Expected outcome: The success port returns an items array of up to 100 objects, each containing only the four requested fields. Feed this into a Loop node to process each product record individually.

Example 4: Schedule Actor Runs and Process Results

Scenario: A ScheduledTrigger fires daily at 6 AM. Run a price monitoring actor, wait for results, and write new prices to MongoDB only if they changed.

// Triggered by ScheduledTrigger (daily 06:00)

// Apify node — actor/runAndGetDatasetItems
{
  "resource": "actor",
  "operation": "runAndGetDatasetItems",
  "api_token": "{{ credentials.apify_token }}",
  "actor_id": "apify/cheerio-scraper",
  "memory_mb": 512,
  "timeout_seconds": 300,
  "max_items": 500,
  "input_json": "{\"startUrls\":[{\"url\":\"{{ vars.pricing_page }}\"}],\"pageFunction\":\"async ({ $, request }) => ({ product: $('h1').text(), price: $('.price').text(), url: request.url })\"}"
}

// Loop node over items array
// → IfCondition: items[i].price !== vars.last_known_prices[items[i].product]
//   → MongoDB/insertOne to record price change with timestamp

Expected outcome: Each morning, fresh pricing data is collected and only changed prices are written to MongoDB, building a historical price change log for analytics.

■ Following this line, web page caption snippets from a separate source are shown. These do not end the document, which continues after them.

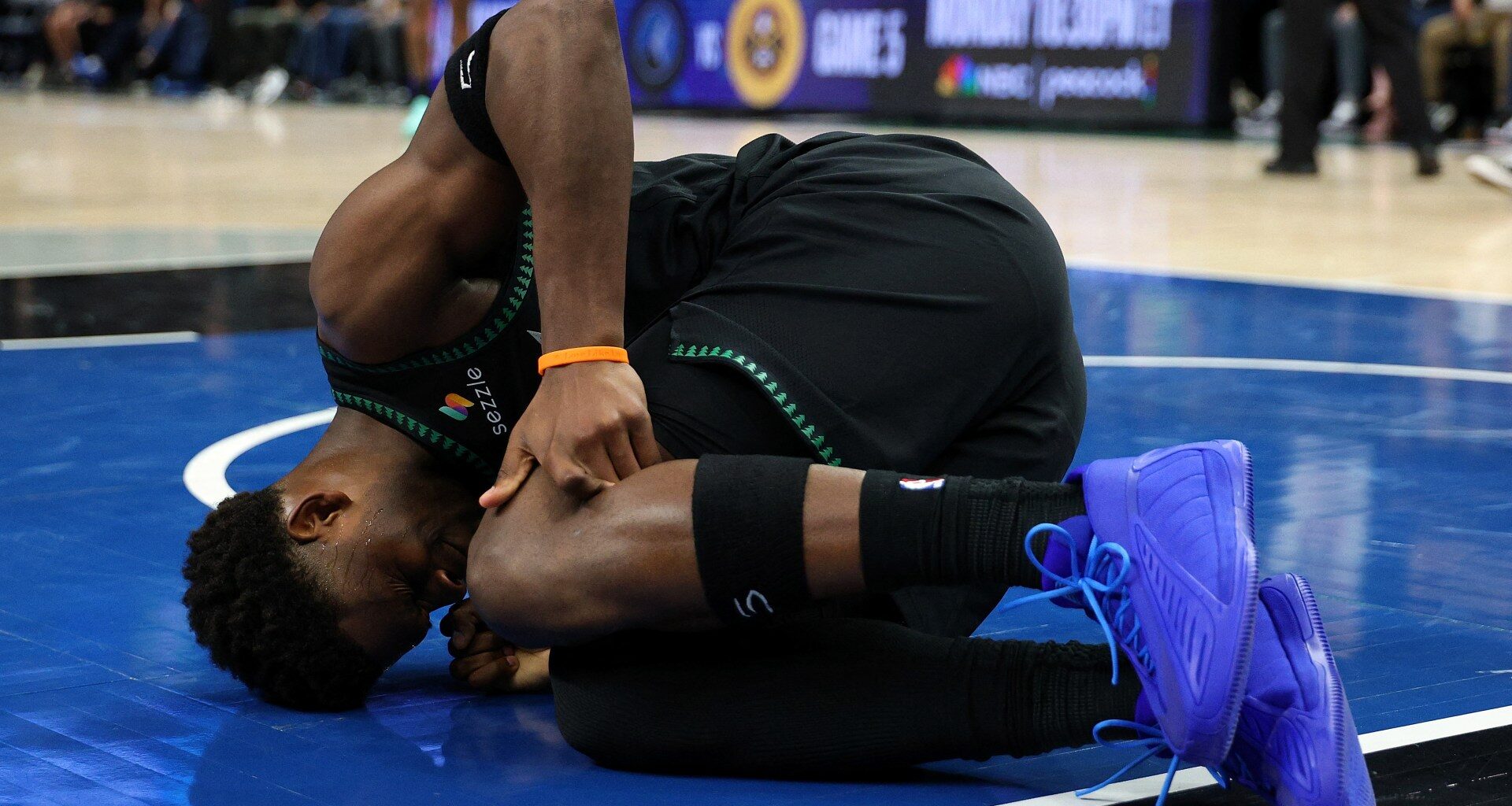 Anthony Edwards injures knee in Timberwolves’ Game 4 win against Nuggets | Basketball News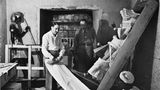 Howard Carter steht im Vorraum des Tutanchamun Grabes
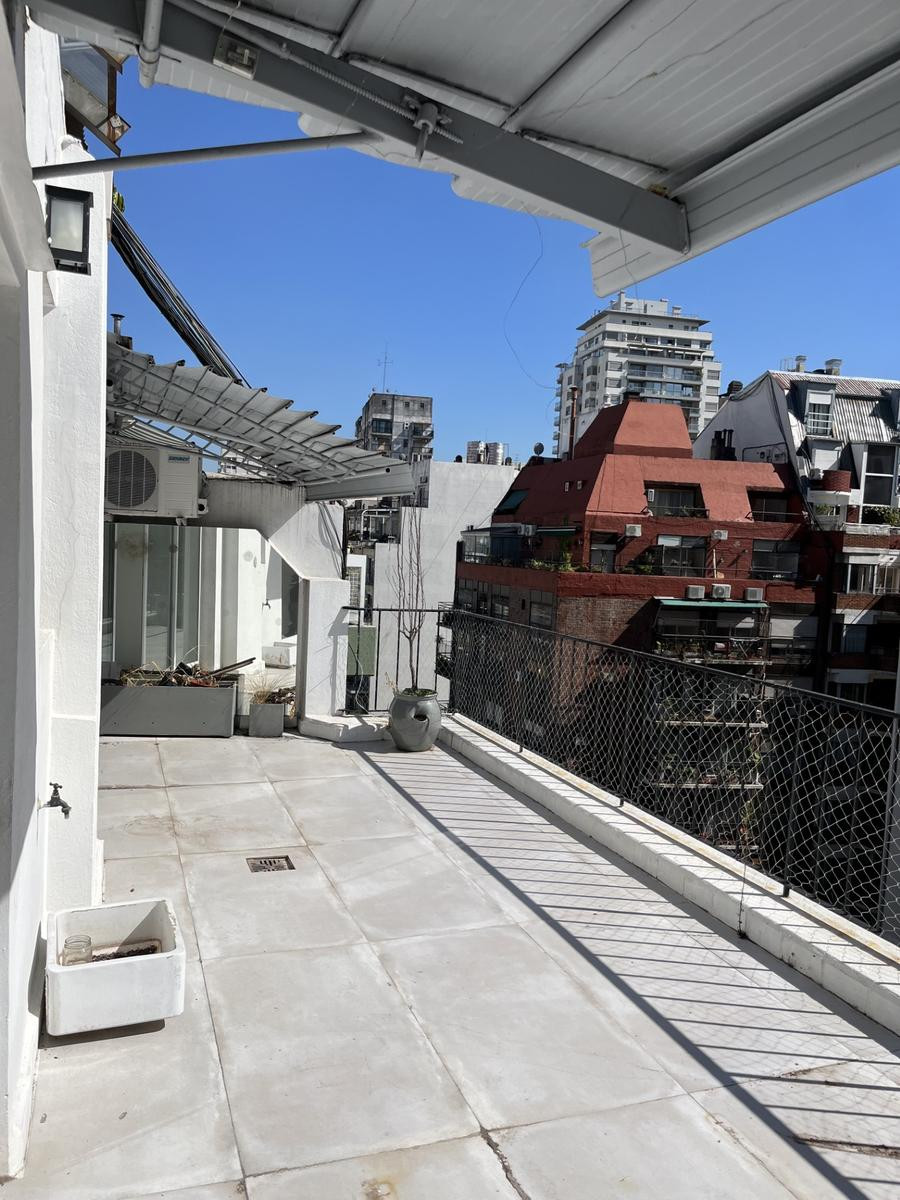 Apartamento de dois ambientes com terraço em Recoleta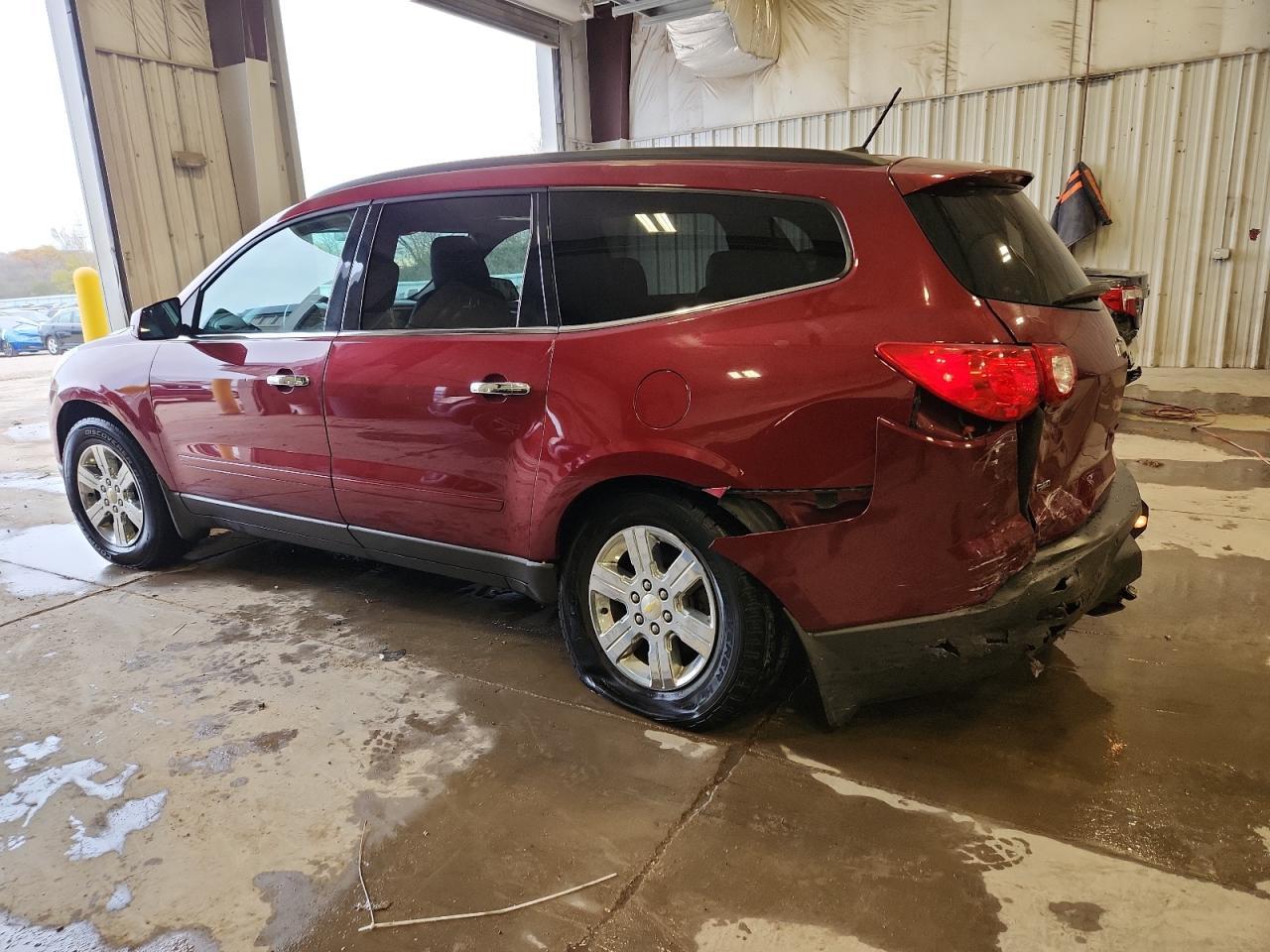 2010 Chevrolet Traverse Lt - Image 2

Example 5: Use actorTask for Pre-configured Scrape Jobs

Scenario: Your team created a saved Apify task that bundles a scraper actor with your site-specific configuration. Invoke it via task ID so no input JSON is needed at runtime.

{
  "resource": "actorTask",
  "operation": "runAndGetDatasetItems",
  "api_token": "{{ credentials.apify_token }}",
  "task_id": "{{ vars.apify_task_id }}",
  "max_items": 200
}

// Override task input for this specific run only (optional):
{
  "resource": "actorTask",
  "operation": "runAndGetDatasetItems",
  "api_token": "{{ credentials.apify_token }}",
  "task_id": "{{ vars.apify_task_id }}",
  "input_json": "{\"startDate\":\"{{ vars.report_start_date }}\",\"endDate\":\"{{ vars.report_end_date }}\"}",
  "max_items": 1000
}

Expected outcome: The task runs with its saved actor configuration. The first variant uses the saved input as-is. The second variant passes a date range override — useful for parameterised report generation without exposing full actor configuration details to the workflow.